WHAT THE TASK REQUIRES - Every entry must be transcribed exactly. Pictures are not part of the copy.

DATA SUPPLIED -
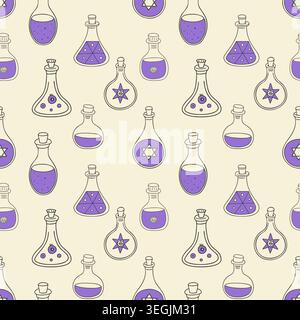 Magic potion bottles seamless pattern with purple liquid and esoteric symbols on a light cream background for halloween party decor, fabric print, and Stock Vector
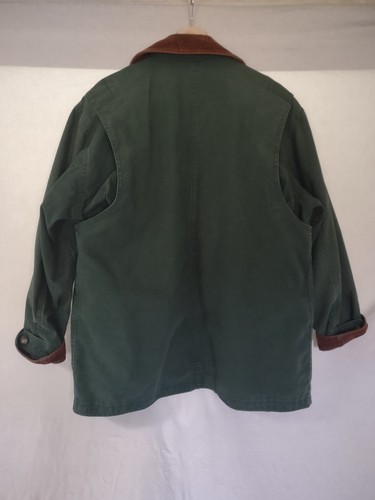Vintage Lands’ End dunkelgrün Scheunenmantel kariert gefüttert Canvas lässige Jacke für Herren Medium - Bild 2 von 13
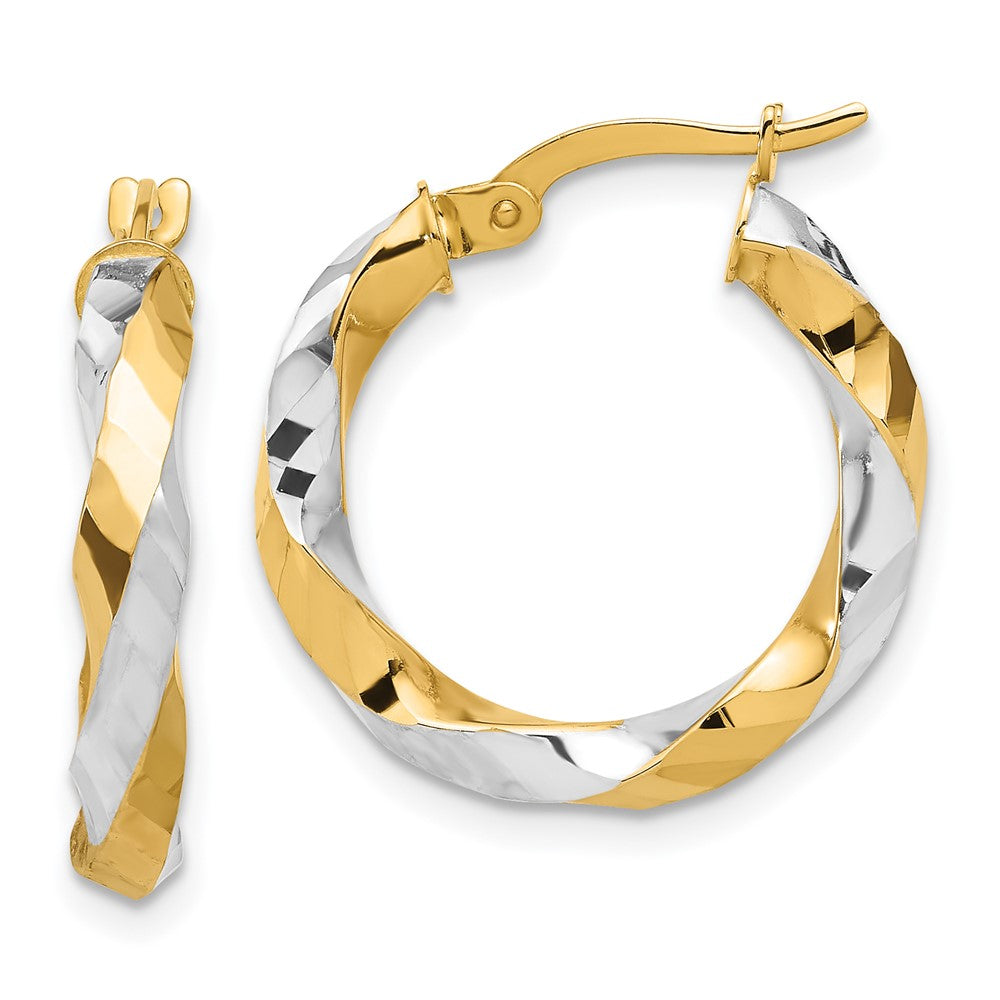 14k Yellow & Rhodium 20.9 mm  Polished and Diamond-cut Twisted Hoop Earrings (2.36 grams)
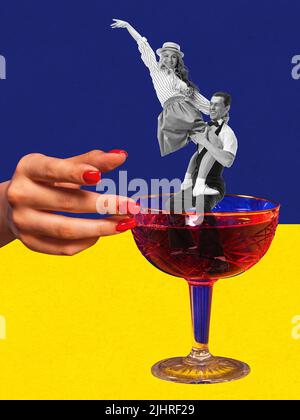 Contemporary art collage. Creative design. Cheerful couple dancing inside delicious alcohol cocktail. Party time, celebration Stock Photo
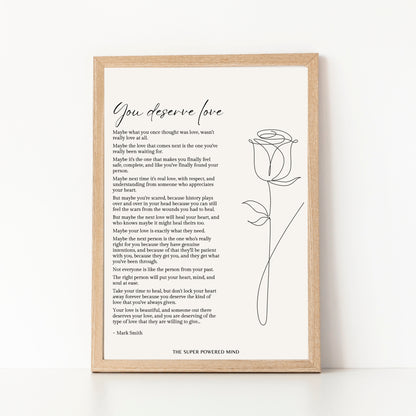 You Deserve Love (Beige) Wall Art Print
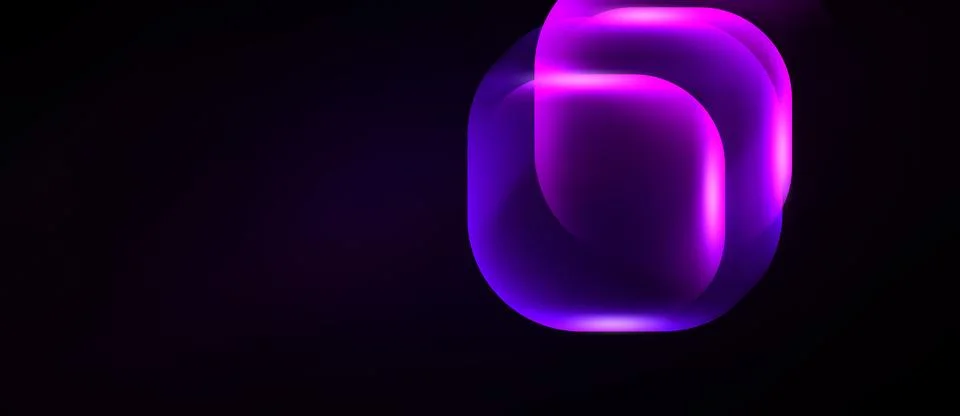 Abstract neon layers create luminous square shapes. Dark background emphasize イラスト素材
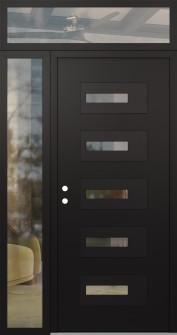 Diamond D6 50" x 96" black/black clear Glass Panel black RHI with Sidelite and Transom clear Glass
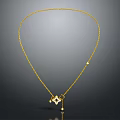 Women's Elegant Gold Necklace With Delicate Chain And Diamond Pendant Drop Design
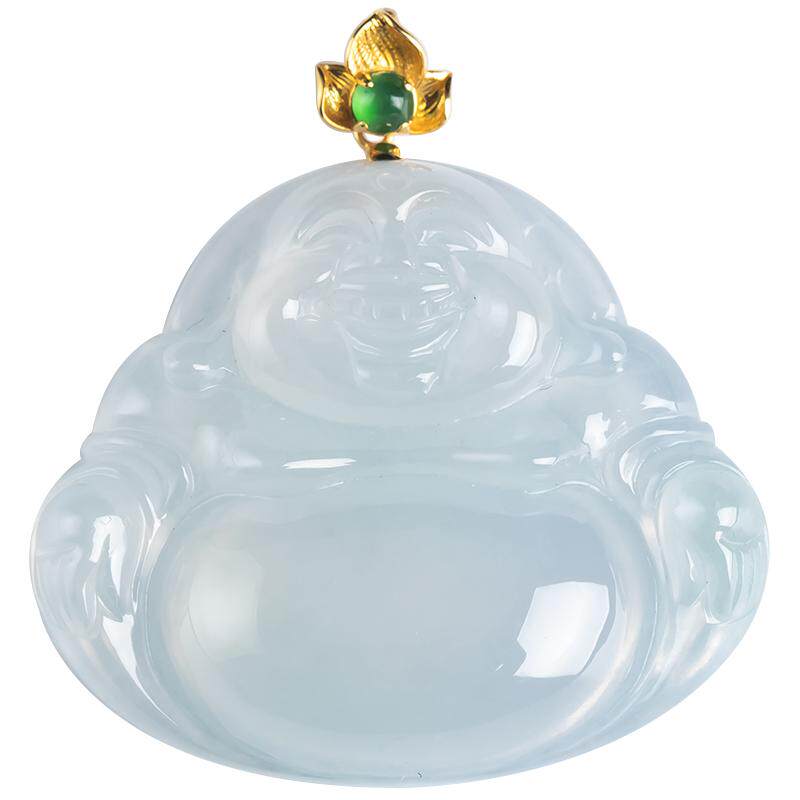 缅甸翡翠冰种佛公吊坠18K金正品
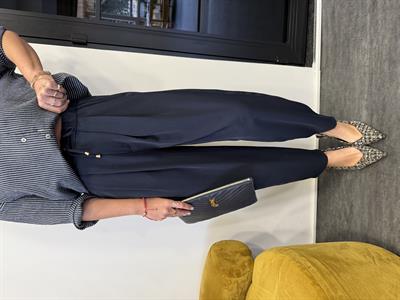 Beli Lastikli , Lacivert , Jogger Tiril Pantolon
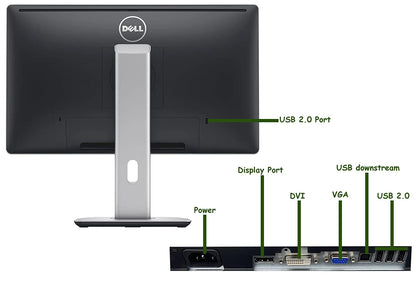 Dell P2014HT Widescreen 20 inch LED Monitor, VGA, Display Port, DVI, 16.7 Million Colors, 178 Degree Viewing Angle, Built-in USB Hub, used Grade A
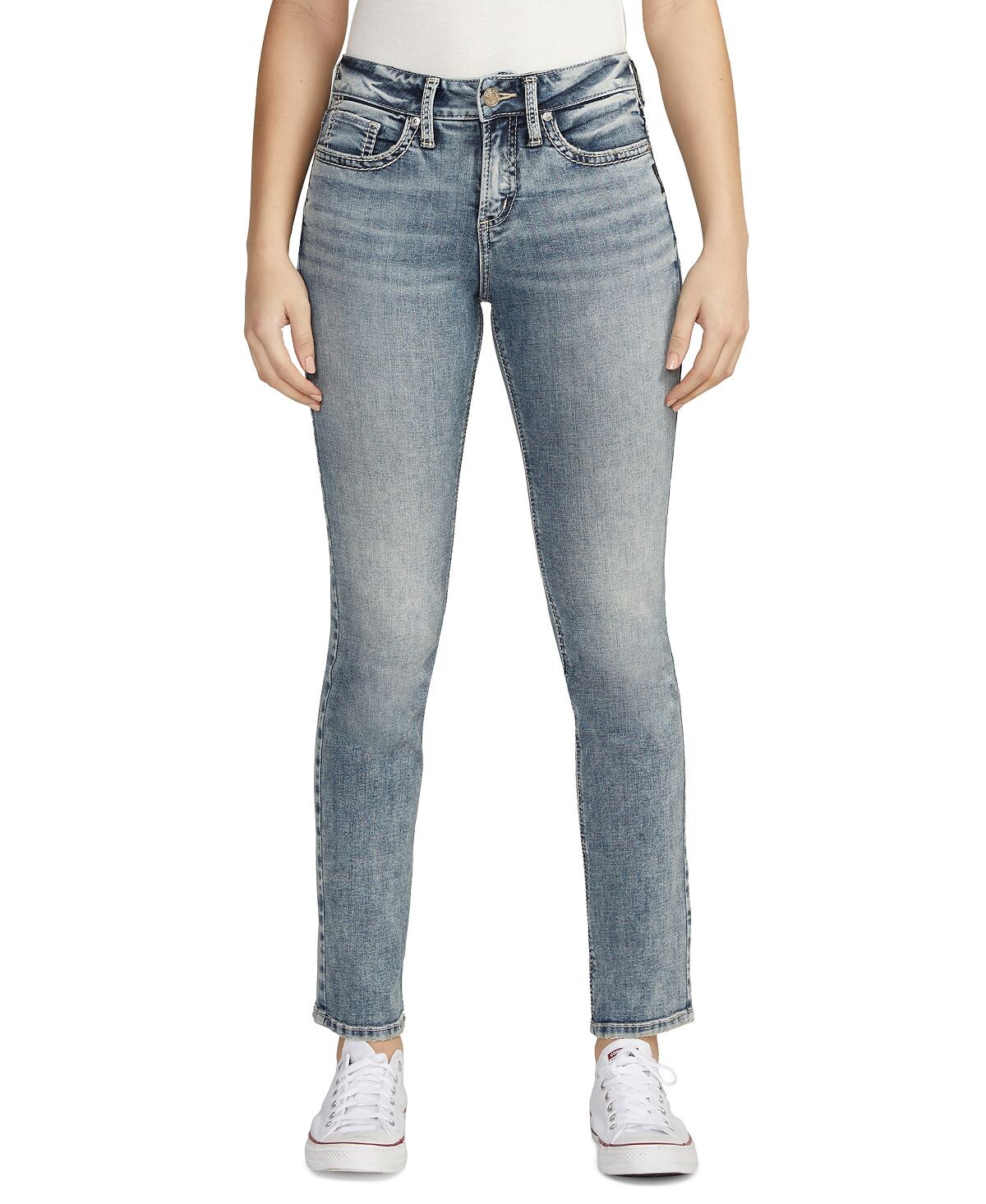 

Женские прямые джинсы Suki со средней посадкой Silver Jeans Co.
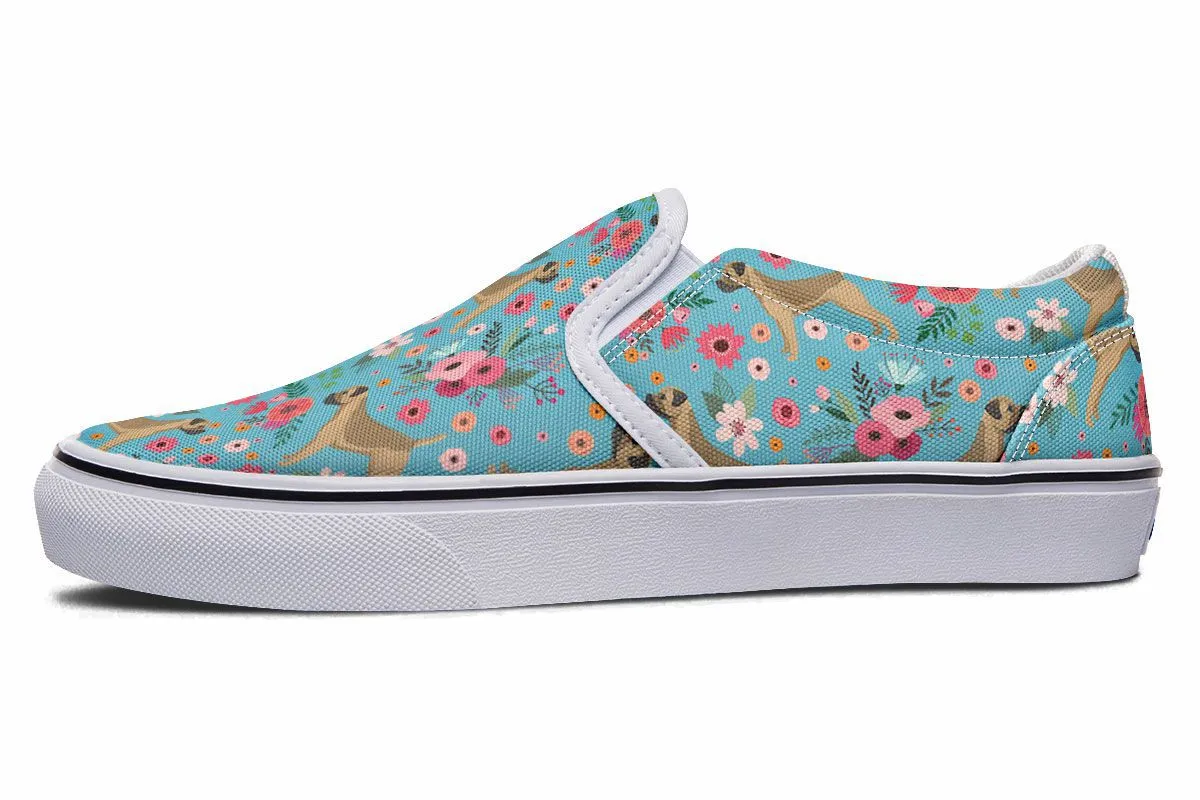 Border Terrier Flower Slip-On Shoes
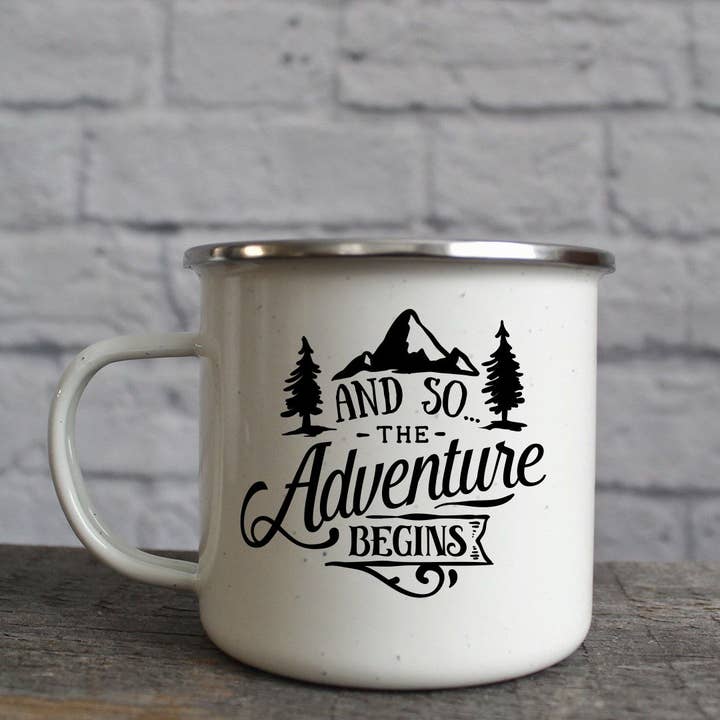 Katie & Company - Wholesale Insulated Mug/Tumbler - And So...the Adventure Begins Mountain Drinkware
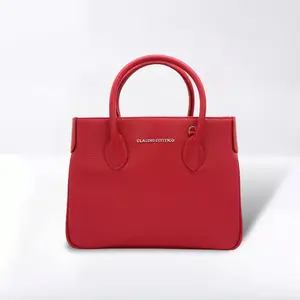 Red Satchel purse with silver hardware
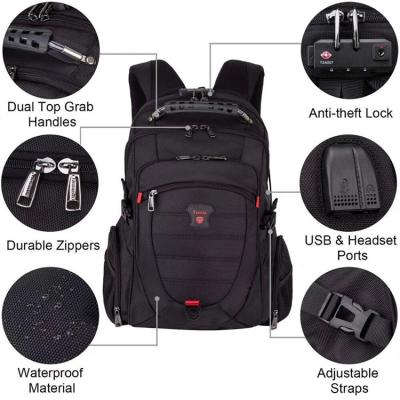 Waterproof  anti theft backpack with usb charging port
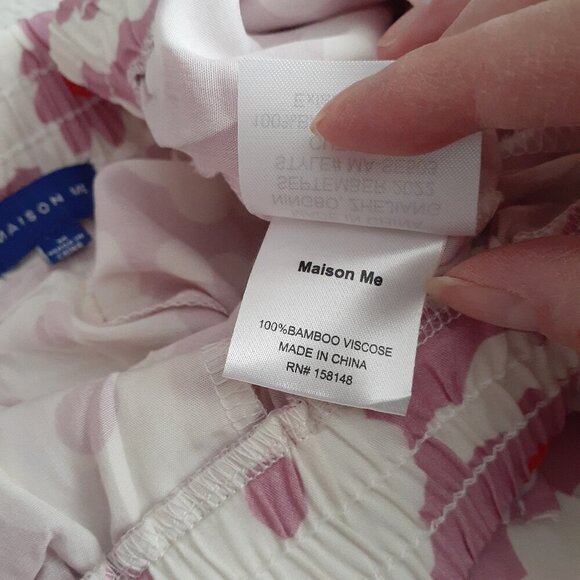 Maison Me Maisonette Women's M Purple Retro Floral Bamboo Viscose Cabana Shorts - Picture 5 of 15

EXERCISE RESPONSE -
 Magic potion bottles seamless pattern with purple liquid and esoteric symbols on a light cream background for halloween party decor, fabric print, and Stock Vector
Vintage Lands’ End dunkelgrün Scheunenmantel kariert gefüttert Canvas lässige Jacke für Herren Medium - Bild 2 von 13
 14k Yellow & Rhodium 20.9 mm  Polished and Diamond-cut Twisted Hoop Earrings (2.36 grams)
 Contemporary art collage. Creative design. Cheerful couple dancing inside delicious alcohol cocktail. Party time, celebration Stock Photo
 You Deserve Love (Beige) Wall Art Print
 Abstract neon layers create luminous square shapes. Dark background emphasize イラスト素材
 Diamond D6 50" x 96" black/black clear Glass Panel black RHI with Sidelite and Transom clear Glass
 Women's Elegant Gold Necklace With Delicate Chain And Diamond Pendant Drop Design
 缅甸翡翠冰种佛公吊坠18K金正品
 Beli Lastikli , Lacivert , Jogger Tiril Pantolon
 Dell P2014HT Widescreen 20 inch LED Monitor, VGA, Display Port, DVI, 16.7 Million Colors, 178 Degree Viewing Angle, Built-in USB Hub, used Grade A

Женские прямые джинсы Suki со средней посадкой Silver Jeans Co.
 Border Terrier Flower Slip-On Shoes
 Katie & Company - Wholesale Insulated Mug/Tumbler - And So...the Adventure Begins Mountain Drinkware
 Red Satchel purse with silver hardware
 Waterproof  anti theft backpack with usb charging port
 Maison Me Maisonette Women's M Purple Retro Floral Bamboo Viscose Cabana Shorts - Picture 5 of 15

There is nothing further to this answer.